White Teeth by Zadie Smith

  The cymbal player, dubious of what place he would occupy in such a radical change of genre, took it upon himself to be the first to ridicule the scheme. “What, you mean that Eeeee EEEAA aaaa EEEeeee AAOoooo music?” he said, doing a creditable impression of the strains to be found at the beginning of a Hindi musical, or in the back room of an “Indian” restaurant, along with attendant head movements. The class let out a blast of laughter as loud as the brass section and echoed the gag en masse: Eeee Eaaaoo OOOAaaah Eeee OOOiiiiiiii . . . This, along with screeching parodic violins, penetrated Samad’s deep, erotic half-slumber and sent his imagination into a garden, a garden encased in marble where he found himself dressed in white and hiding behind a large tree, spying on a be-saried, bindi-wearing Poppy Burt-Jones, as she wound flirtatiously in and out of some fountains; sometimes visible, sometimes not.

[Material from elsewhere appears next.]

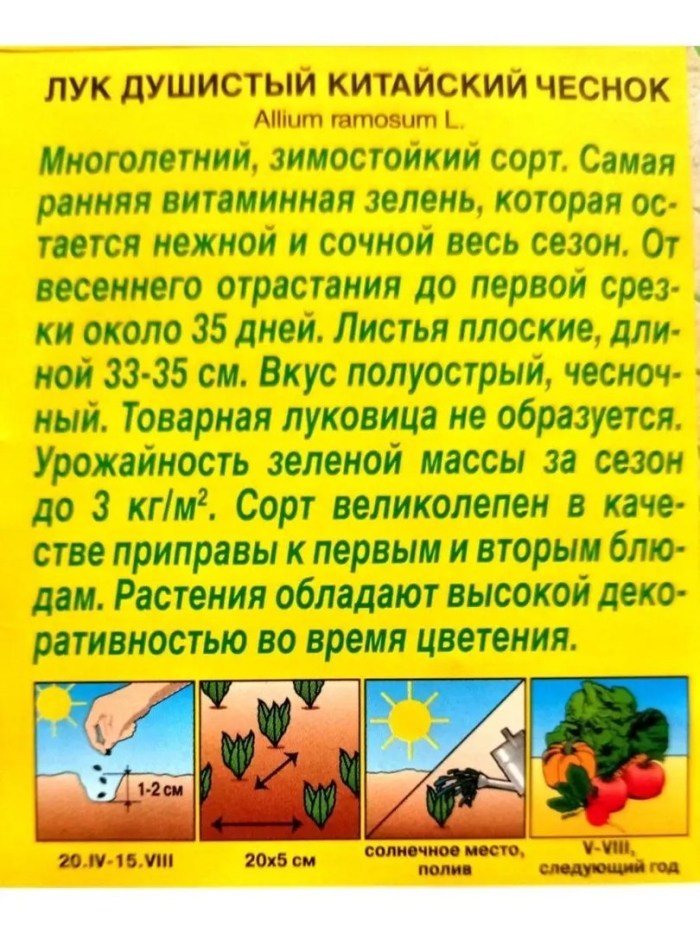 Китайский чеснок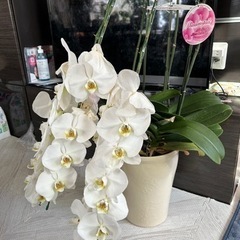 大苗！3本立て胡蝶蘭　白　黄色　陶器鉢付き！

  “I don’t think—” began Poppy Burt-Jones, trying to force her voice above the hoo-hah, then, raising it several decibels, “I DON’T THINK IT IS VERY NICE TO—” and here her voice slipped back to normal as the class registered the angry tone and quietened down. “I don’t think it is very nice to make fun of somebody else’s culture.”

  The orchestra, unaware that this is what they had been doing, but aware that this was the most heinous crime in the Manor School rule book, looked to their collective feet.

  “Do you? Do you? How would you like it, Sophie, if someone made fun of Queen?”

  Sophie, a vaguely retarded twelve-year-old covered from head to toe in that particular rock band’s paraphernalia, glared over a pair of Coke-bottle spectacles.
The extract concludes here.